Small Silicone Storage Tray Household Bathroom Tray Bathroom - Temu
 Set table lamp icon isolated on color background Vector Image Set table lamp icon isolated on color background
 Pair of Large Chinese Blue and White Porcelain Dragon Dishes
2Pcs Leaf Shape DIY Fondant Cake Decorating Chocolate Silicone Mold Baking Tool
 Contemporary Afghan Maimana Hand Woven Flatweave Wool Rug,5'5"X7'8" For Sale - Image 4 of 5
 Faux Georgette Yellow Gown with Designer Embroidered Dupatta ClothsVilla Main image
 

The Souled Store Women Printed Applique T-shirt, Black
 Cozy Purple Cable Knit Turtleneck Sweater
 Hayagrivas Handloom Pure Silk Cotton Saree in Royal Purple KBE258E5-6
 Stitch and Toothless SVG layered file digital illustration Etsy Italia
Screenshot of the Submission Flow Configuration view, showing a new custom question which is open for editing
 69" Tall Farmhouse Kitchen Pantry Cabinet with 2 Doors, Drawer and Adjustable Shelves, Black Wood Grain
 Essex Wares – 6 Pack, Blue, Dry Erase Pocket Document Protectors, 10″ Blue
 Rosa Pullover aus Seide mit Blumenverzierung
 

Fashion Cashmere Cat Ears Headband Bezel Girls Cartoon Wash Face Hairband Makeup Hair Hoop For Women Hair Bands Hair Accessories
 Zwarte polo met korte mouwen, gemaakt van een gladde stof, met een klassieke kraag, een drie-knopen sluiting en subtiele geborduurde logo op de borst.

● Activity
Could you write out, exactly as given, the lines from the one holding "Hayagrivas Handloom Pure" through the end of the listing, and nothing else?

● Answer to this exercise
 Hayagrivas Handloom Pure Silk Cotton Saree in Royal Purple KBE258E5-6
 Stitch and Toothless SVG layered file digital illustration Etsy Italia
Screenshot of the Submission Flow Configuration view, showing a new custom question which is open for editing
 69" Tall Farmhouse Kitchen Pantry Cabinet with 2 Doors, Drawer and Adjustable Shelves, Black Wood Grain
 Essex Wares – 6 Pack, Blue, Dry Erase Pocket Document Protectors, 10″ Blue
 Rosa Pullover aus Seide mit Blumenverzierung
 

Fashion Cashmere Cat Ears Headband Bezel Girls Cartoon Wash Face Hairband Makeup Hair Hoop For Women Hair Bands Hair Accessories
 Zwarte polo met korte mouwen, gemaakt van een gladde stof, met een klassieke kraag, een drie-knopen sluiting en subtiele geborduurde logo op de borst.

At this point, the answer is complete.